I’ve done life writing and and I've done poetry. I’ve been back and poked at me poem with the stick a hundred times and still don’t understand why it wasn’t even worthy of one star. To borrow from Jenny Diski, now wish I hadn’t dicked around during poetry and deprived myself of answers to most of the questions.

Sunday, 30 November 2008

Wonder if the Poet noticed? Wednesday 26 November 2008

Wonder if the Poet noticed a change on the group? I think I’m bonding, cynicism sloping away. Some of my old friends came for tea and I was telling them about the classes. They said things like, ‘are you going to be writing the next best-seller thriller?’ (hardly) and ‘what’s the difference between creative writing and writing’ (oh, I don’t know - creative, I suppose). And then someone asked if there were any constraints on what we wrote; I think they meant are we allowed to write filth. I tried to explain that it’d never come up (oh, ha ha ha ha) and there was a lot of merriment about how they’d liven us all up if they joined our group. I was absurdly defensive and blustered about how we didn’t need ‘livening up’ with their stories of infidelities or rum, bum and concertina or whatever, what we are writing is plenty interesting without their pathetic sleaze. And anyway, we’ve got sleaze if we want. I was preposterous. But I realised that I really do like what we’re writing.

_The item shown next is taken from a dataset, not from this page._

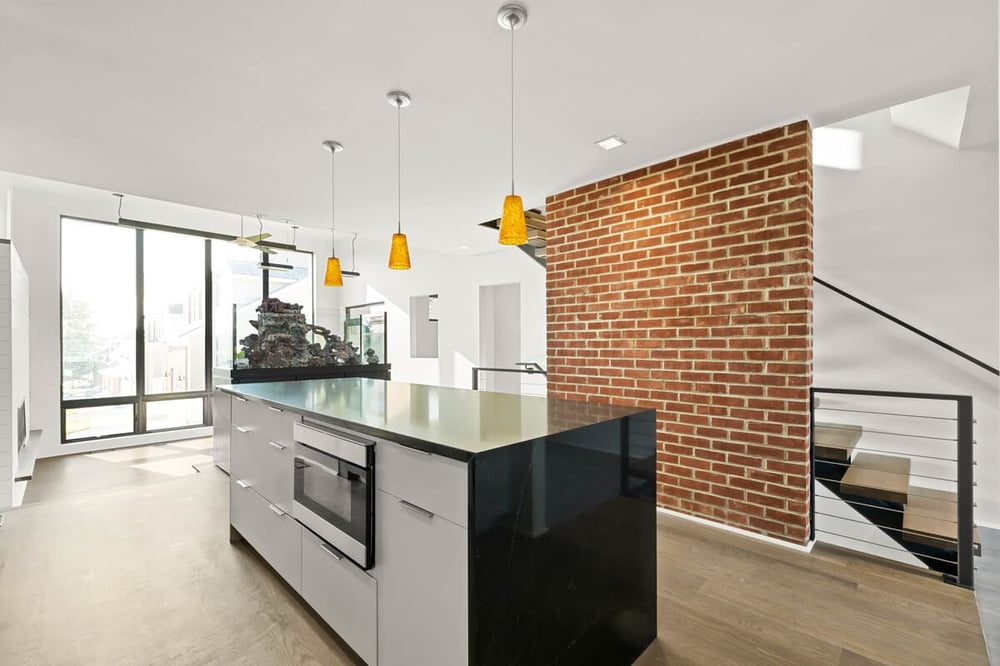 Kitchen island in Delaware custom home with microwave built-in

I’ve finished Skating to Antarctica by Jenny Diski. She describes something she terms her daughter Chloe’s cheesecake moment. It was a mildly upsetting occurrence when Chloe was tiny and now she doesn't remember the moment or the constant retelling of the moment but she remembers the remembering. Well. Like Australian greenstone leilira blades; a lot of effort and ritual goes into the creation and distribution of the tools, but when they are delivered to their destinations they aren’t used or cherished or curated. Robert Paton (1994) in World Archaeology 26:2 reckons that the blades aren’t utilitarian items but are the vehicle of information transmission. At each ritualised stage of their production and circulation the Aboriginals involved get stories straight. Like granddads and uncles do at weddings and funerals, “remember Yambo Dwyer? And that bloody budgie? It was 1962, weren’t his mam mad!” “ It weren’t 1962, our Eckie was still alive and we buried her in June ’61, just after Arnie finished at Jacobs - and it were a parakeet”. “1961 then, but it was certainly a budgie, Type 1 yellowface, I know that much” and so on until there’s a consensus of sorts. The accord is salted away as the remembering until the next get-together; even making a remembering for accomplices who weren’t around in 1961.


I so admire Jenny Diski, she had the line, “I wished I hadn’t dicked around during physics and deprived myself of answers to most of the questions”, and didn’t use it until page 221. Would that I could exercise such restraint.; I’d have used dicked around every other page; I will now.